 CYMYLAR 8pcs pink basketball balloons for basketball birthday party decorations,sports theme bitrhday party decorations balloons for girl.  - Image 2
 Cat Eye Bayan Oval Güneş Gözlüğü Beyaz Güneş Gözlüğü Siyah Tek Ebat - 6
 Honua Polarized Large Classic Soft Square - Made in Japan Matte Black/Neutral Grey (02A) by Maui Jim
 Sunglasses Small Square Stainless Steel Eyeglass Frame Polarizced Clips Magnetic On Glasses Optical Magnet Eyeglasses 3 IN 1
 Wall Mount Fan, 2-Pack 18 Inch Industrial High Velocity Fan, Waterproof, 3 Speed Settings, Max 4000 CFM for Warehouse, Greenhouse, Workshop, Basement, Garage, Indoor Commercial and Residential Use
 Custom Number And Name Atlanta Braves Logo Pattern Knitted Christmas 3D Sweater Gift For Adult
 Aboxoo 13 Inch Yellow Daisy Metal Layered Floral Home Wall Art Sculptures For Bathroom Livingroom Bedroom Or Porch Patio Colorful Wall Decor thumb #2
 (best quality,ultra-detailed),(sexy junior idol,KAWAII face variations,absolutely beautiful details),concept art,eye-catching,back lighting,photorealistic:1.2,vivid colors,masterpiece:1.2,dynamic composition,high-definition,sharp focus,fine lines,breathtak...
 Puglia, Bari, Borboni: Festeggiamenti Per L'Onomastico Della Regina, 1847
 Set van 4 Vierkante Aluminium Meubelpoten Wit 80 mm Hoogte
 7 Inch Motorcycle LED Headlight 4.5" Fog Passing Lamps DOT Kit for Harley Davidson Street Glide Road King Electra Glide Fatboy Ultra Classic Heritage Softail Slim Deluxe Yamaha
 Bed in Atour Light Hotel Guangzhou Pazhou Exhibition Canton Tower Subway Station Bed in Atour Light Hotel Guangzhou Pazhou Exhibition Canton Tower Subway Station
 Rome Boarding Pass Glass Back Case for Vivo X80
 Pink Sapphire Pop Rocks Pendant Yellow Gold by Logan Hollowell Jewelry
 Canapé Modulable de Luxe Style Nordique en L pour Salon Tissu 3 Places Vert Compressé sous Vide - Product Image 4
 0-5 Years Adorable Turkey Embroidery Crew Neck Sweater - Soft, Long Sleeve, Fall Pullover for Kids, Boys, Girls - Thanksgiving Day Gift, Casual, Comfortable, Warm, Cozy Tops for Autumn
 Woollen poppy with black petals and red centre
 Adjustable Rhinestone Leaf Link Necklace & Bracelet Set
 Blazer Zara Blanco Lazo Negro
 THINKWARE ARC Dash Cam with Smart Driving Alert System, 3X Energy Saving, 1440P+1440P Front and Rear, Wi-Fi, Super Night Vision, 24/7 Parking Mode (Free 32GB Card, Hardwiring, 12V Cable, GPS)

**Exercise description**
Would you copy every line of the entries that includes the word "Inch"?

**Answer section**
 Wall Mount Fan, 2-Pack 18 Inch Industrial High Velocity Fan, Waterproof, 3 Speed Settings, Max 4000 CFM for Warehouse, Greenhouse, Workshop, Basement, Garage, Indoor Commercial and Residential Use
 Aboxoo 13 Inch Yellow Daisy Metal Layered Floral Home Wall Art Sculptures For Bathroom Livingroom Bedroom Or Porch Patio Colorful Wall Decor thumb #2
 7 Inch Motorcycle LED Headlight 4.5" Fog Passing Lamps DOT Kit for Harley Davidson Street Glide Road King Electra Glide Fatboy Ultra Classic Heritage Softail Slim Deluxe Yamaha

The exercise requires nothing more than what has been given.